EXERCISE DESCRIPTION — Restate verbatim the span of lines below between the line with "England PE Flag Bunting 6m - World Cup 2026" and the line with "オールドキリム クッションカバー40×40cm セネ Old Kilim Cushion", including those two lines, and only that span.

LISTED RECORDS —

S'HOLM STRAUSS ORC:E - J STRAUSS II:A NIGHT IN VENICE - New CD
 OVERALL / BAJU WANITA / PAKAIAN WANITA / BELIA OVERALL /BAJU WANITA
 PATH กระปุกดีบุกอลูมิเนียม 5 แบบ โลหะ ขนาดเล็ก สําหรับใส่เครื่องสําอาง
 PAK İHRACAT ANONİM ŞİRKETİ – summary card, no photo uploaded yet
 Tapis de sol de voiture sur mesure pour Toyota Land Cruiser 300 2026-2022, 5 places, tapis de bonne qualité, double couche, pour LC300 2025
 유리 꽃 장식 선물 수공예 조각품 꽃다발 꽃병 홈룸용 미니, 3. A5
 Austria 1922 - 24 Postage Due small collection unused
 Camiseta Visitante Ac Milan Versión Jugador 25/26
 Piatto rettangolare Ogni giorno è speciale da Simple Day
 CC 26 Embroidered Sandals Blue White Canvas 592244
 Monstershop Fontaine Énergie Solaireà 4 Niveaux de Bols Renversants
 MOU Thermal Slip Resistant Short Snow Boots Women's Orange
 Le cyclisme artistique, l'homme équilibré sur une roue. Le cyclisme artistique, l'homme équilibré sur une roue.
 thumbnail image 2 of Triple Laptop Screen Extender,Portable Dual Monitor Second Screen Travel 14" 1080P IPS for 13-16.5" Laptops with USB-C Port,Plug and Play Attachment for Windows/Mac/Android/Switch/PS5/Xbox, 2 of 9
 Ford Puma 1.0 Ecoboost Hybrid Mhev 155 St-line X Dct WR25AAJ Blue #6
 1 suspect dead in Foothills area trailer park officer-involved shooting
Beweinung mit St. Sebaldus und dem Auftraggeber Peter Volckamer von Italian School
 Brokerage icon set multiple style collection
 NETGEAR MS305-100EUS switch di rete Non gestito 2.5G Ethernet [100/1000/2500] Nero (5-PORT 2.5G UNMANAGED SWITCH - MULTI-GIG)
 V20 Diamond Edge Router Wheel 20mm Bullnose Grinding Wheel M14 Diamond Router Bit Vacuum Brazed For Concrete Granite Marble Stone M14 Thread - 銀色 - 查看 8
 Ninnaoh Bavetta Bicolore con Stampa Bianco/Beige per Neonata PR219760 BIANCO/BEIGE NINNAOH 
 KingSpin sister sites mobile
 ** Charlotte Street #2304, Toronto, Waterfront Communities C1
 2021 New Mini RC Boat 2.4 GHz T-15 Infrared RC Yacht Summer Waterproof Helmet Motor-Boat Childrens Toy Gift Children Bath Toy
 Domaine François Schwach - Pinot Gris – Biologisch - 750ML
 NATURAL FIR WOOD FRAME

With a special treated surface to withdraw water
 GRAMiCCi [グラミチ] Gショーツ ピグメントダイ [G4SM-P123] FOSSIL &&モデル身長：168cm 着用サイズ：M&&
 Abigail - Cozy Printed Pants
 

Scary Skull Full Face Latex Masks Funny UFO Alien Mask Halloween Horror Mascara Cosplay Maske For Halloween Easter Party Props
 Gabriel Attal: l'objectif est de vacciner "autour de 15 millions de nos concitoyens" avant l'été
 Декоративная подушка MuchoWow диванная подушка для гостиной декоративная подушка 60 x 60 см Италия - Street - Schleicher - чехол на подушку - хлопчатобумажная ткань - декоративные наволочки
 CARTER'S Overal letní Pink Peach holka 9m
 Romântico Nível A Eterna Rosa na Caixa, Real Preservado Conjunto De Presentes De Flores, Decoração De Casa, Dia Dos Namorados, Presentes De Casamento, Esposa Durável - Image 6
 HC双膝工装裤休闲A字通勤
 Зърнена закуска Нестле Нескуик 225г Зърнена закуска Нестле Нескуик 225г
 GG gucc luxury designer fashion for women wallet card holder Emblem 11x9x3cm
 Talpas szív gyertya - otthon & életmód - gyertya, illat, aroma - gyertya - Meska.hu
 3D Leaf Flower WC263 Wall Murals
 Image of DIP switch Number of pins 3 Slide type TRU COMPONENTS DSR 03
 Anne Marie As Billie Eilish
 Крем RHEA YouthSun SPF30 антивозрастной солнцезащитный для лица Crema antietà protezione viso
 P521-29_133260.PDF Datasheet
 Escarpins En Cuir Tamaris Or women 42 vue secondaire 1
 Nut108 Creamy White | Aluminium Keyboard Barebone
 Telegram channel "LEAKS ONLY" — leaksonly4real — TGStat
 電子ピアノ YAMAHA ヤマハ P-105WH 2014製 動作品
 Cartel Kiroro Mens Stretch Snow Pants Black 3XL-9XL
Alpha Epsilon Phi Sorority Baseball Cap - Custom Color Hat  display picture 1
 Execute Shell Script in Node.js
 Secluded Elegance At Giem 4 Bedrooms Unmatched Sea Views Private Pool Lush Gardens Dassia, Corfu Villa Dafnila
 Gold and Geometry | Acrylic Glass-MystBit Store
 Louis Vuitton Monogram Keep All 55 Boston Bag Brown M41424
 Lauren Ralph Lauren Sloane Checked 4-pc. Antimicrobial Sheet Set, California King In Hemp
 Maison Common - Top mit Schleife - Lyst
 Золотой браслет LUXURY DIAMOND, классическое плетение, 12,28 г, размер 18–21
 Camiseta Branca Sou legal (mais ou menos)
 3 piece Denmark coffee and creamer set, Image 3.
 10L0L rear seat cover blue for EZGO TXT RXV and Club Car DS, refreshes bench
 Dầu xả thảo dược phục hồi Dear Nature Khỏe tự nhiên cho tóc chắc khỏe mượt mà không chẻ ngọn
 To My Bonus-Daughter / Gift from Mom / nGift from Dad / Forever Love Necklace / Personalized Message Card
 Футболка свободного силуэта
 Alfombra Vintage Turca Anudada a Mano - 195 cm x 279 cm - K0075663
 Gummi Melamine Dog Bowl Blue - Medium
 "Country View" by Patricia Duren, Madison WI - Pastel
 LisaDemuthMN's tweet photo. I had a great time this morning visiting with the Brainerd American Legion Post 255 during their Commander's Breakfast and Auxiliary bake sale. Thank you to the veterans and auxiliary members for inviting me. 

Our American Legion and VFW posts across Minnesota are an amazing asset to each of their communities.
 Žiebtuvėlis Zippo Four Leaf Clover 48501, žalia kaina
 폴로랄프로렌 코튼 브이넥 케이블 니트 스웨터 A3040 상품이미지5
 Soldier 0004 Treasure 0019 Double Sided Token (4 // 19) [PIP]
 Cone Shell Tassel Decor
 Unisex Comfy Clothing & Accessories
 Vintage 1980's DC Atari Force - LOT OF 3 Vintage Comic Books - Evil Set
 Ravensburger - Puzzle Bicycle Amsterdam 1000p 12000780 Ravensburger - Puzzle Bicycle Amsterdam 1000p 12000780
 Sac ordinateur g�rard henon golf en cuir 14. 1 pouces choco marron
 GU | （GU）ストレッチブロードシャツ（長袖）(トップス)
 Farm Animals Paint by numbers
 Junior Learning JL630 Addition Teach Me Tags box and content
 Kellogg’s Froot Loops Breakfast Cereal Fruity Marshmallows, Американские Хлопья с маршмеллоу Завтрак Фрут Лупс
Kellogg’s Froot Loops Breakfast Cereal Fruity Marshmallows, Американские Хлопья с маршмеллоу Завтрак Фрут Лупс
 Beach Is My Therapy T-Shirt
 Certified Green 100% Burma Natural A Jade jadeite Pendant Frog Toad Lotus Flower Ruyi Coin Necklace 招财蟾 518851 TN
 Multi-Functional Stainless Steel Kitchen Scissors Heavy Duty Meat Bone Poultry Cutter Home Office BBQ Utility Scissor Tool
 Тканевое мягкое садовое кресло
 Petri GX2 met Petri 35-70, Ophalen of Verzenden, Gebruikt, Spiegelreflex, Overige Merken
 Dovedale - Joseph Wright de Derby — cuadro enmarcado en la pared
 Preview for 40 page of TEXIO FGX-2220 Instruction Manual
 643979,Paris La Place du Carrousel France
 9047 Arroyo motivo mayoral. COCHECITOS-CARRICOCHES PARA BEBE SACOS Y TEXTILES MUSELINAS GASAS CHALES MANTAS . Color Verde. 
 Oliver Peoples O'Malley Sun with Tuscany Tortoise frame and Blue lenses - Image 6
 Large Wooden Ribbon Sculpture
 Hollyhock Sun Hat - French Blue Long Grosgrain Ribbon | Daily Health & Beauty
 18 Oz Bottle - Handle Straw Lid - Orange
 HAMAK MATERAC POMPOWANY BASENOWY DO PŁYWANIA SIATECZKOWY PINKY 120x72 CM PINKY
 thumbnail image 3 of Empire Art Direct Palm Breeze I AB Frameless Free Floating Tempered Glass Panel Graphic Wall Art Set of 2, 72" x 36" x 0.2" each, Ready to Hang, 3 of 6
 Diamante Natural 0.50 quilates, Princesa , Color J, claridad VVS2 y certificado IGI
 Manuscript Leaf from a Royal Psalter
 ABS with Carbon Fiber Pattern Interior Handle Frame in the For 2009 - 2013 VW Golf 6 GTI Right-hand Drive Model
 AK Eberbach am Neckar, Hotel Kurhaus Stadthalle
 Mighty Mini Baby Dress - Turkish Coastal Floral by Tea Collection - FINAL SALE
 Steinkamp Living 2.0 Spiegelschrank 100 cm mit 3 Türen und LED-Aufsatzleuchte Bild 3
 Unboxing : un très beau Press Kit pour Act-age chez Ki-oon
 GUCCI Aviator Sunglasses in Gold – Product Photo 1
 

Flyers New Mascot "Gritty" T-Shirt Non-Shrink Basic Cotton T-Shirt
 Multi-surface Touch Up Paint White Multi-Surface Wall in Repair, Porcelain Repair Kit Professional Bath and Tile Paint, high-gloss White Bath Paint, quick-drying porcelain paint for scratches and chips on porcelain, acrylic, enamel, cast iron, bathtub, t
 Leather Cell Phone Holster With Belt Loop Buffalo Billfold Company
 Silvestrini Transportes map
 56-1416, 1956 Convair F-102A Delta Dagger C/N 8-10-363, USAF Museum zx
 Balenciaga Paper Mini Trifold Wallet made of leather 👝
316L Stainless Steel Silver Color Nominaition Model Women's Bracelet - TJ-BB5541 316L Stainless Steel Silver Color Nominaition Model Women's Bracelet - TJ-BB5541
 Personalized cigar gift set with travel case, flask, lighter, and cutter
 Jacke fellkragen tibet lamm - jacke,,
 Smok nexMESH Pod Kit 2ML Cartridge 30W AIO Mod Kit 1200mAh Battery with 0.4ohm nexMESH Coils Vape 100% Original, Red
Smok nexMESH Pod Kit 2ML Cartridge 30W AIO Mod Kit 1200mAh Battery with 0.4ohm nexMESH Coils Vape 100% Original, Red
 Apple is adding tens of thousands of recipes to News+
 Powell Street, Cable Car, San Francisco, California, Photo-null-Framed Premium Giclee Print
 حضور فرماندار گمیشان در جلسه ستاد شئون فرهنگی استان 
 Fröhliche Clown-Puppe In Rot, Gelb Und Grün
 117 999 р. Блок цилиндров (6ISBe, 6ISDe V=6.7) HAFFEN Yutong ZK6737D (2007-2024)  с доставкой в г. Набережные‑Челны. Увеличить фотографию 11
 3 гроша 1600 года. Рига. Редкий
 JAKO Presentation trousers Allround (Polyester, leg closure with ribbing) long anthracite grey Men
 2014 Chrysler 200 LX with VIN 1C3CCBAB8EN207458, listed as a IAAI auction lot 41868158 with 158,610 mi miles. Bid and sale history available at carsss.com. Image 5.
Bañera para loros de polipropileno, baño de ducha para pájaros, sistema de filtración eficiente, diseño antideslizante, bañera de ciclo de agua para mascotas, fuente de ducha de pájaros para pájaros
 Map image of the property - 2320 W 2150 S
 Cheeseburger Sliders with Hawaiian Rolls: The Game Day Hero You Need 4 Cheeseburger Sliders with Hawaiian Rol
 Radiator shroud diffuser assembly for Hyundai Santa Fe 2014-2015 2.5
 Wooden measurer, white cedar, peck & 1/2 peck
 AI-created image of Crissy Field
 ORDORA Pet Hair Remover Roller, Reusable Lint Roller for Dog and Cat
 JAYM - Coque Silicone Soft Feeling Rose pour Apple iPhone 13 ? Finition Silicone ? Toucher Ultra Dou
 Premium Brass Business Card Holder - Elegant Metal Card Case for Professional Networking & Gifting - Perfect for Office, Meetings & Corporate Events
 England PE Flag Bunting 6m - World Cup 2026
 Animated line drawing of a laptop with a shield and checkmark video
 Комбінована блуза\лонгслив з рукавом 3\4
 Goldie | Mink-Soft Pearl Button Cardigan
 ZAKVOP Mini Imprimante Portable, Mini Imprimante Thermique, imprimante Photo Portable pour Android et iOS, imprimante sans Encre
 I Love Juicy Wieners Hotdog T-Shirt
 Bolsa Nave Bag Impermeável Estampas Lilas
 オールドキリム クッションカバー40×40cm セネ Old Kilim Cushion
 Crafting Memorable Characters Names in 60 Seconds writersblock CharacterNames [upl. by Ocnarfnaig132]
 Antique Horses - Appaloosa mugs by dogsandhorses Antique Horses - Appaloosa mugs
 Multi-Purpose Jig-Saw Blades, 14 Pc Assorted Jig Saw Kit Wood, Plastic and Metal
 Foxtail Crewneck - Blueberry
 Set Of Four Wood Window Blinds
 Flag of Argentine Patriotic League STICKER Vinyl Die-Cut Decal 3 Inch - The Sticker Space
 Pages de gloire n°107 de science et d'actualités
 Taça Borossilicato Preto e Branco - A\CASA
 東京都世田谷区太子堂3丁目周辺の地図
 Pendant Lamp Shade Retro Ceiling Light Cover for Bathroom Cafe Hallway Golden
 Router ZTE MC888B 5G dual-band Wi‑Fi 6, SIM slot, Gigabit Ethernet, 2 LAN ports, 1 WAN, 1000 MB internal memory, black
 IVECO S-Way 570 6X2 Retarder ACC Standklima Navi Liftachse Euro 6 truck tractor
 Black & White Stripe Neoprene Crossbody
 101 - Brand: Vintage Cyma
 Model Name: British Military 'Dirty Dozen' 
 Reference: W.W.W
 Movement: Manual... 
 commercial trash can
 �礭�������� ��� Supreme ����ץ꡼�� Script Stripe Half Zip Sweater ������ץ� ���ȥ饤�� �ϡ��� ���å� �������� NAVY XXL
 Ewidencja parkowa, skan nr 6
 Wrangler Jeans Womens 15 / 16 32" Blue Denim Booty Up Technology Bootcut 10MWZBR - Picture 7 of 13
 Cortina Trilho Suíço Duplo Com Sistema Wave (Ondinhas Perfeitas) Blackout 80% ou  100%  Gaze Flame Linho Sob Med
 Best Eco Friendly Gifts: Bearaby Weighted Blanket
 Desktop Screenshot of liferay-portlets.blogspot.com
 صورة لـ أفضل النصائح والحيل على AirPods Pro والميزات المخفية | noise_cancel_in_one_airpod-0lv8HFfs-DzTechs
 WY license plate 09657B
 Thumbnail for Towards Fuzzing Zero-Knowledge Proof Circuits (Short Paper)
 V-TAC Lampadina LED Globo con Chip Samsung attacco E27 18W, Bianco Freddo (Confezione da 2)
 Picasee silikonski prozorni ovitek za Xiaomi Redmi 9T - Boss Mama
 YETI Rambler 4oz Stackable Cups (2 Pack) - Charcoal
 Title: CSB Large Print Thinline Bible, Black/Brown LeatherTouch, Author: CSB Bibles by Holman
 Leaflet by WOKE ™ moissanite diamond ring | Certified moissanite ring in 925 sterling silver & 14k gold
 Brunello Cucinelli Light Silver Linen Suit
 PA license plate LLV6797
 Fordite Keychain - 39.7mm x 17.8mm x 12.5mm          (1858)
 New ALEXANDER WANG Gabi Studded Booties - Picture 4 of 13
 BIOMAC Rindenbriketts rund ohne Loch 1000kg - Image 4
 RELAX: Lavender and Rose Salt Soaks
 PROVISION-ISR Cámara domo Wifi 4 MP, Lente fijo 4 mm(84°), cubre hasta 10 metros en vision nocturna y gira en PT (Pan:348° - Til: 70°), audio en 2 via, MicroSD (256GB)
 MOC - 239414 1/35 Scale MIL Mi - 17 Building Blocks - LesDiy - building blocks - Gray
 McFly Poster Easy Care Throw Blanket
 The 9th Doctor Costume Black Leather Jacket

RESPONSE TO THIS TASK —
 England PE Flag Bunting 6m - World Cup 2026
 Animated line drawing of a laptop with a shield and checkmark video
 Комбінована блуза\лонгслив з рукавом 3\4
 Goldie | Mink-Soft Pearl Button Cardigan
 ZAKVOP Mini Imprimante Portable, Mini Imprimante Thermique, imprimante Photo Portable pour Android et iOS, imprimante sans Encre
 I Love Juicy Wieners Hotdog T-Shirt
 Bolsa Nave Bag Impermeável Estampas Lilas
 オールドキリム クッションカバー40×40cm セネ Old Kilim Cushion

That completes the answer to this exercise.